Step 4: Edit & Finalize the Video
After the raw footage of the video is completed, then comes the post-production activities. This involves adding editing the raw footage into a cohesive and engaging video, adding music and sound effects, voice-overs, superimposing graphics, and giving the color a final polish.
There are several video editing software apps that you can use to snip and condense the video. You can use one of the popular editing apps like Adobe Premiere or Final Cut Pro, or you can use a collaborative web based video editor like Clipchamp.
The visual effects, the graphic effects, and the sound effects are all critical to making the video engaging. You can also add a Call to Action towards the end of the video if you want to lead the customer to the next step.

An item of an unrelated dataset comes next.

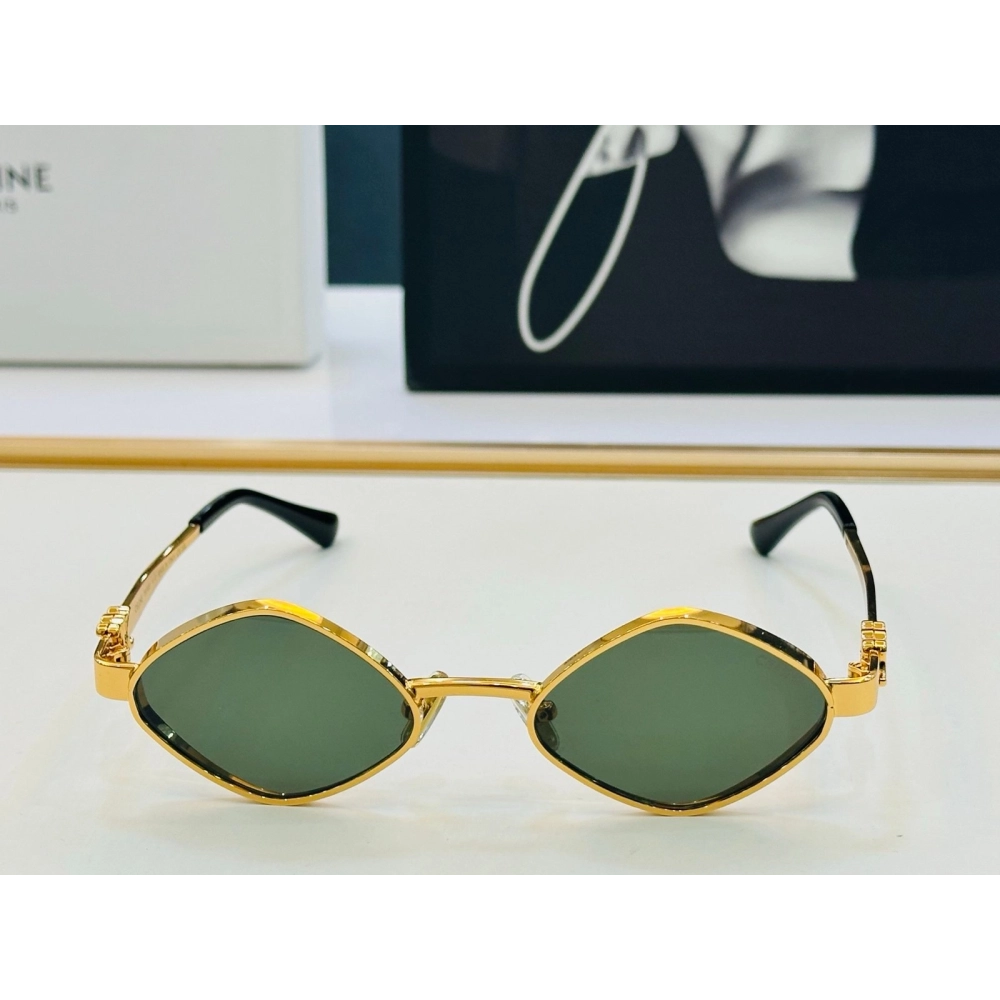 Celine Sunglasses 052,Celine Sunglasses,Sunglasses,Accessories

If people are speaking, you can add on-screen captions (useful for default muted platforms like Instagram) or get the video captioned later as a SRT file for YouTube.
When creating variations of your video for social media, you might need to incorporate some additional apps to create marketing videos with specific CTAs for every platform.
How to Distribute and Optimize Your Videos
Your hard work doesn’t stop at just uploading your videos to YouTube.
You need to make sure your video has the proper metadata and is cross-promoted across all your available channels.
Organic and Paid Distribution
The organic and paid distribution channels are often within the realms of website and email marketing.
You can add your marketing videos to:
- Product pages
- Landing pages
- Website homepages
- Blogs
- Video ads on other websites
- Webinars
- Case studies
- Email marketing
Social Media Distribution
You can promote your videos on social media platforms where a majority of your audience are residing. YouTube is one of the major video distribution platforms.
If you’re planning to make regular videos, then you must definitely have a YouTube channel. YouTube should be treated like a blog with a solid SEO strategy – each video should be optimized for a keyword to rank on YouTube.
Apart from YouTube, you can distribute the videos on other social media platforms like:
- Snapchat
- Twitch
You can publish the whole video, break them into small snippets and share them as a part of your social video marketing strategy. For example, you can break down the main video into a few second videos and share it on Instagram stories and posts. Similarly, you can do the same for other social platforms.
How to Measure the Success of Your Video Marketing Strategy
Once you’ve released the video after long hours of planning, shooting and editing, the next most important thing to do is to track the results. You need to keep a constant eye on the video’s performance to gauge your audience’s response.
You need to track metrics like:
- Social media engagement: What are the numbers of likes, shares and comments?
- Average watch time: How many people are watching the video till the end?
- Number of unique views: How many people have watched your video?
- Clickthrough rate: What percentage of the audience are clicking on the CTA?
- Conversion rate: What percentage of the audience are converting after watching the video?
Pay attention to these basic video marketing metrics to understand how your video is performing. If there’s a drop in the watch time or the conversion rate, then you can analyze and learn from your mistakes to create better videos the next time.
If your marketing videos have high social media engagement, then you can create your subsequent videos to serve that audience. Similarly, you can weigh in from your past video performances to create videos with better engagement.
Final Thoughts
Video marketing can provide an excellent opportunity for your brand to reach a broader audience. Videos are the preferred form of content by consumers, so it’s only natural that videos will become the focus in online advertising going forward and establish new ways brands advertise themselves on social media.
With many different social platforms promoting videos more than ever, this is the right time to take full advantage of it. You can follow these simple steps in our guide to create a powerful video marketing strategy and execute it flawlessly.